A major cut in funding for the next phase of the Second Avenue Subway will force New Yorkers to wait even longer for the project's completion. NY1's Jose Martinez filed the following report.
It will be a while longer before the MTA resumes blasting the bedrock beneath the Upper East Side to continue building the desperately needed Second Avenue subway line.
The MTA Wednesday slashed $1 billion from the project over the next five years after Governor Andrew Cuomo and Mayor Bill de Blasio cut a deal to pay for the transit agency's five-year construction program that fell short of what was requested.
Transit experts bashed the decision.
"It makes no sense to cut back on a project that is well underway," said Nicole Gelinas of the Manhattan Institute for Policy Research. "We've already built out three stations of the Second Avenue Subway. We should be moving it up through Harlem over the next few years."

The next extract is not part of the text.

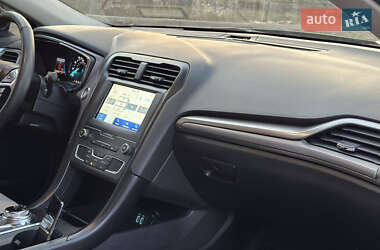Седан Ford Fusion 2020 в 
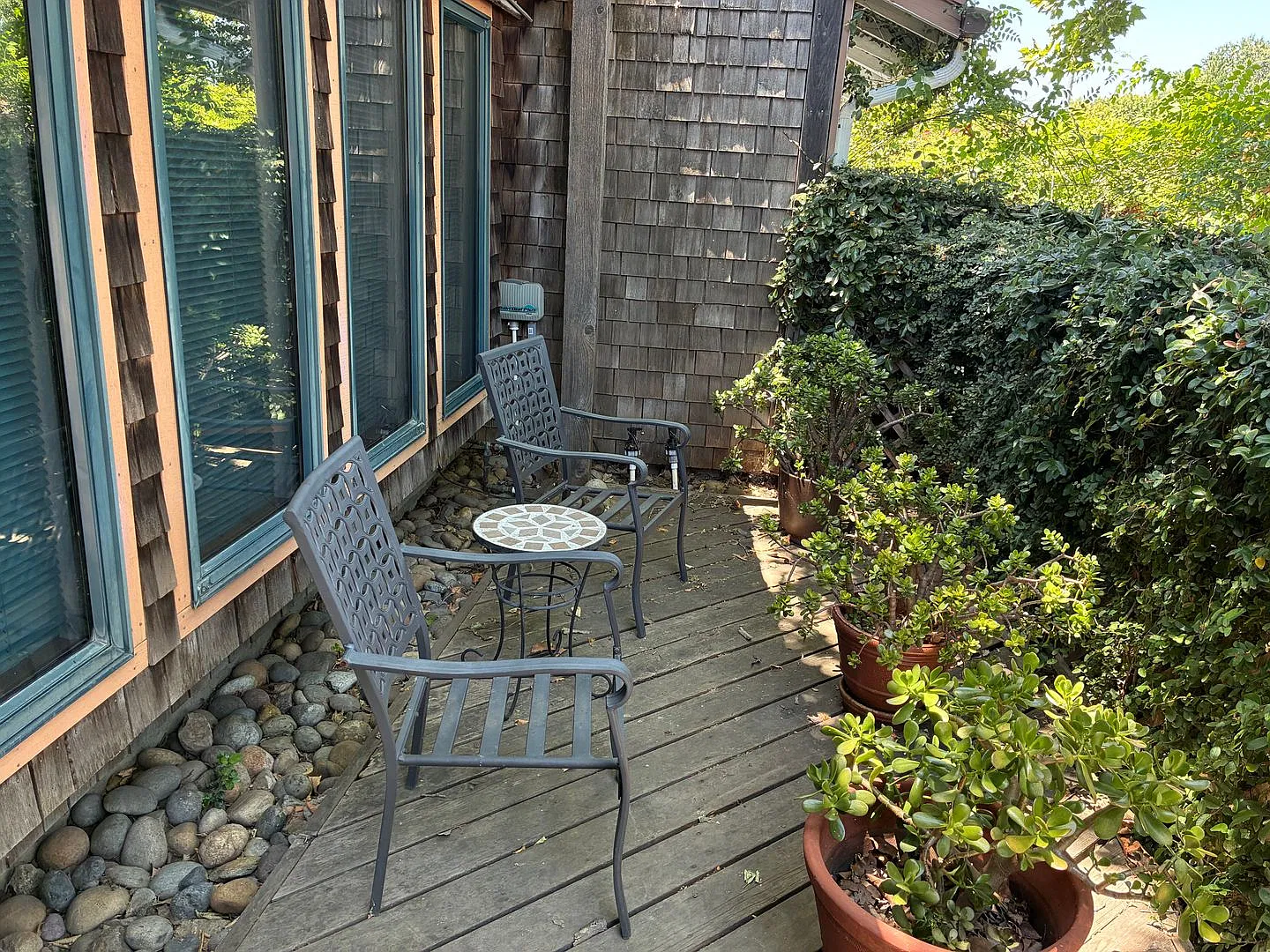 Gorgeous North Davis 3 Bedroom Home Available September! — Photo 3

The line's first three stations on the East Side are scheduled to open by the end of next year. The new funding reduction affects the next phase, building the line north through three new stations to 125th Street.
"If the city and state thought that it was important, the MTA would respond to that and build it out faster. They're only doing what the city and state are signaling, which is that this is not as important as it was," Gelinas said.
The cutback reduced the project's budget by about two-thirds to $535 million, which will pay for engineering and other studies.
"We have to do the design work, the planning for it. We need to go through environmental reviews. We're going to need to acquire the necessary property to figure out where stations, station access points, air ventilation areas are going to be," siad MTA spokesperson Adam Lisberg.
But no blasting or tunneling, as originally envisioned just a year ago.
The decision is upsetting Congress members Carolyn Maloney and Charles Rangel of Manhattan. who've long campaigned for building a line that, at full length, is supposed to stretch from Harlem to Hanover Square. They said, "This ‘go slow’ approach to the Second Avenue Subway is a huge mistake."
Riders NY1 spoke to at 116th Street and Second Avenue said they would be surprised to see a station up at this corner any time soon.
"I've been here all my life, and I've been hearing it since the '80s," said one rider.
"The money always seems like it's running out," said another.
On that point, there is no dispute. The Second Avenue Subway has been on the drawing board since 1929.